The Rodneyite Quarterly Journal
<http://guyanacaribbeanpolitics.com/societies_ellis.html>

March 30, 2000

A Note on The Importance of Radical Marxist Views for
Contemporary Caribbean Societies

By Clarence F. Ellis

Facing up to the failure of what he calls Communist Party-directed
socialism or what Noam Chomsky referred to as state socialism, Thomas E.
Weisskopf noted that social malformations in Russia and Eastern Europe
were worse than "most of us had previously been willing to admit."
(Weisskopf, 1992). The English speaking Caribbean societies accordingly
are now reluctant to embrace either Marxist philosophical goals or
socialist objectives especially as two of their members-Guyana and
Jamaica-fared badly with roughly hewn socialist experiments and also
because they are aware that their physical, social and intellectual
capital is still very undeveloped. This latter factor makes them, in
economic terms, very dependent on the metropolis.

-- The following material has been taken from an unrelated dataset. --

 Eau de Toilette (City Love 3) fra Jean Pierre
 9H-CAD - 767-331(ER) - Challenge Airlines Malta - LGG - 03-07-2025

The consequence has been an embrace of market forces as the basis for
development. Generally the embrace has been inspired by the association of
democracy and the market as the condition for releasing the energies of
the people and therefore for ensuring economic growth and development.
This association has been emphasized as the basis for prosperity in the
metropolitan countries and has emerged as the consensus that underpins the
policies of the International Monetary Fund and the World Bank that
provide assistance to the Caribbean countries.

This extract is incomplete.